Your output should consist solely of the lines from the one holding "Azimut 53 Flybridge image" to the end of the records below, inclusive, reproduced exactly and free of pictures.

------------

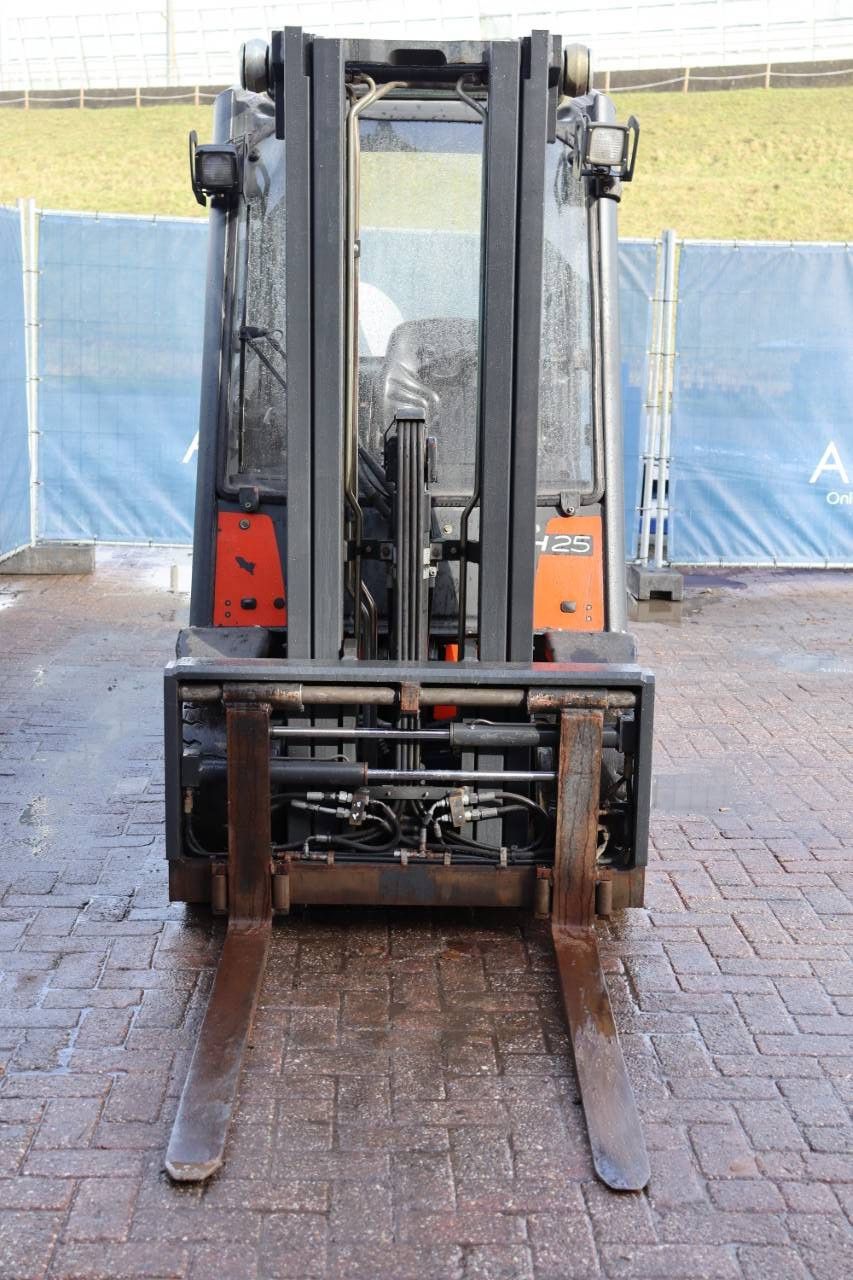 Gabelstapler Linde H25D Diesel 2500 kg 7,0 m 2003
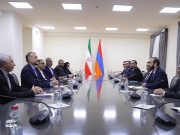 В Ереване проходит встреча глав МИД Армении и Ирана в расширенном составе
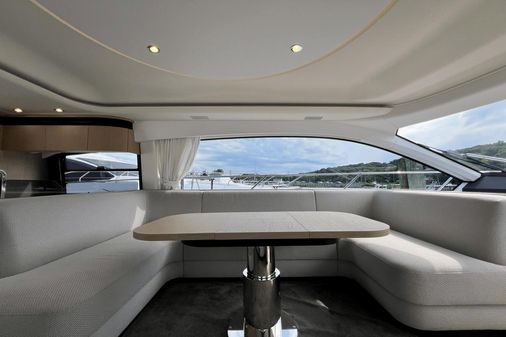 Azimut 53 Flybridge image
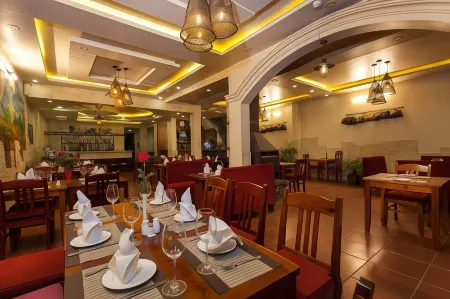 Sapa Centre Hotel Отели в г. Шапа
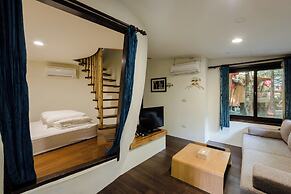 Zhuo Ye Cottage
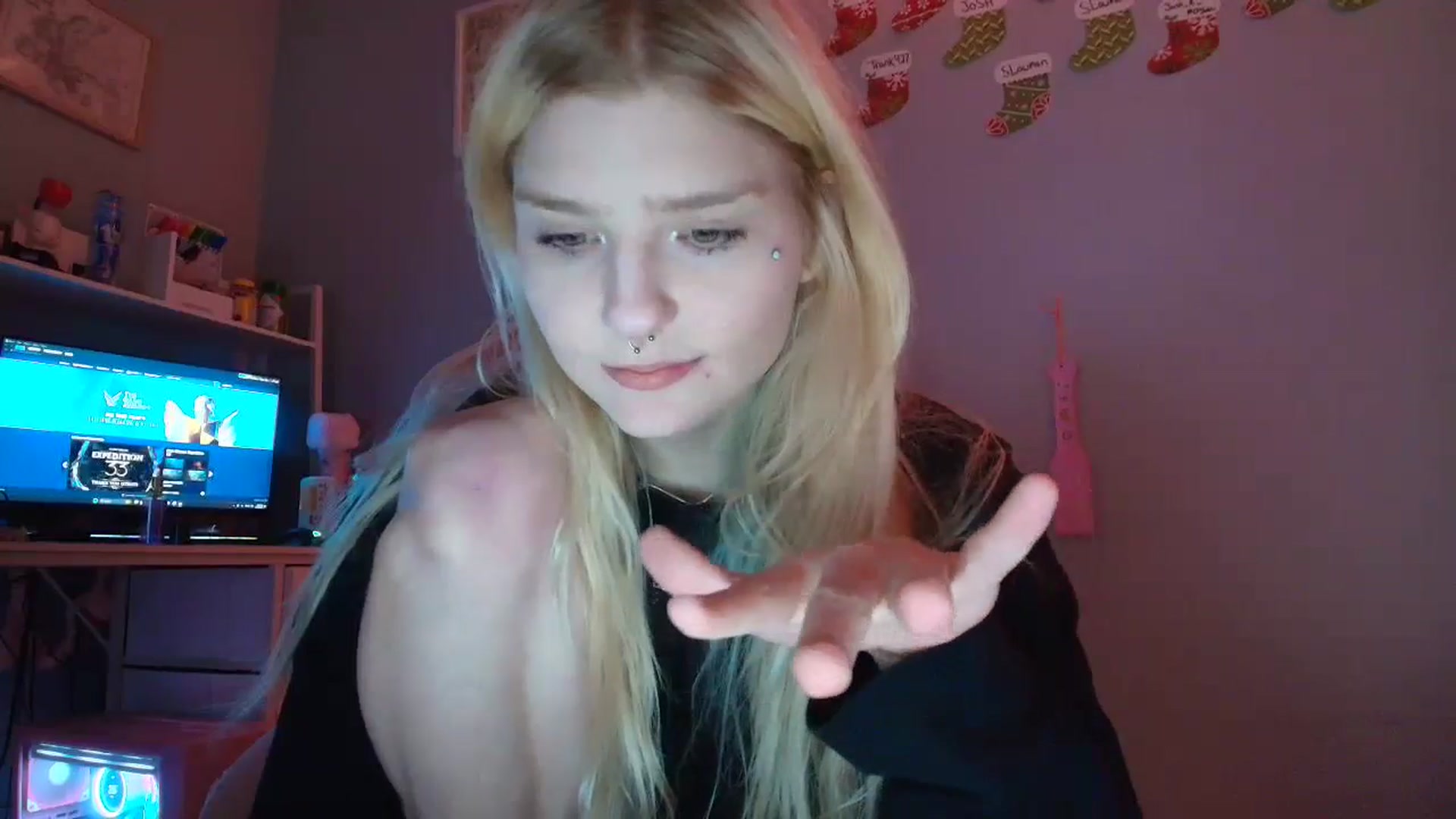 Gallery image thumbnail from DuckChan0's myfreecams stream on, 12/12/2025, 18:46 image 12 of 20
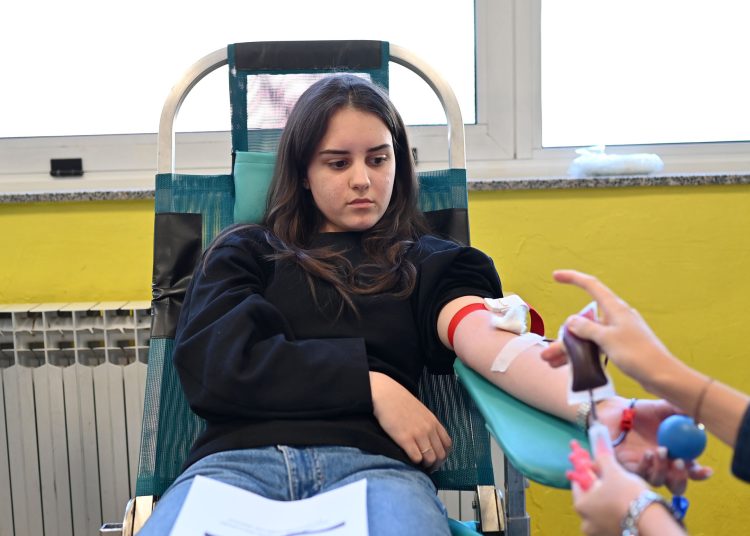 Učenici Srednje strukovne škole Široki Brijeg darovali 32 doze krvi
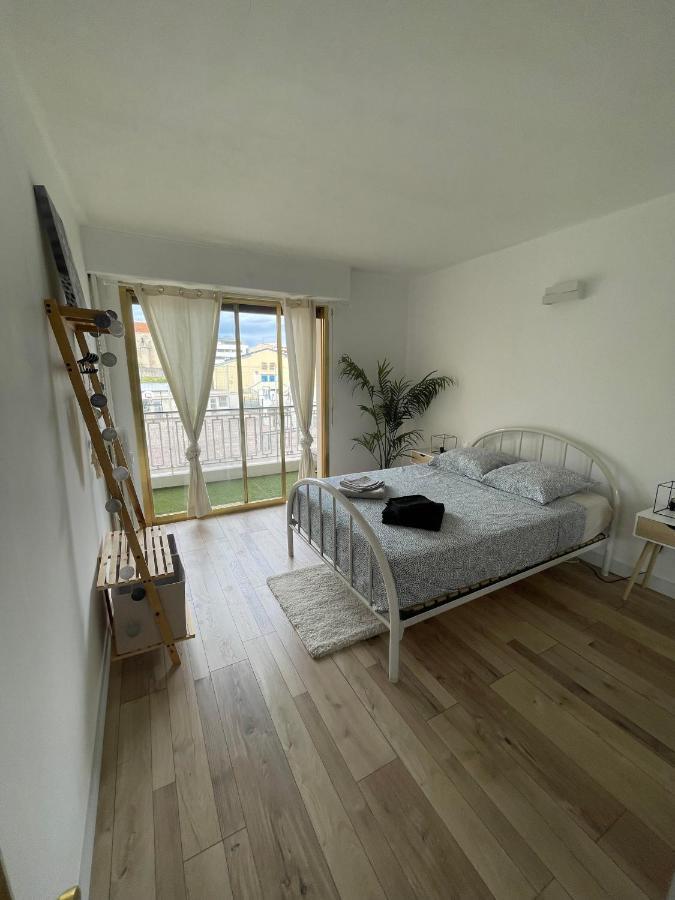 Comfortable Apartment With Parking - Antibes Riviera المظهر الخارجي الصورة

------------

# [ANSWER SECTION]
 Azimut 53 Flybridge image
 Sapa Centre Hotel Отели в г. Шапа
 Zhuo Ye Cottage
 Gallery image thumbnail from DuckChan0's myfreecams stream on, 12/12/2025, 18:46 image 12 of 20
 Učenici Srednje strukovne škole Široki Brijeg darovali 32 doze krvi
 Comfortable Apartment With Parking - Antibes Riviera المظهر الخارجي الصورة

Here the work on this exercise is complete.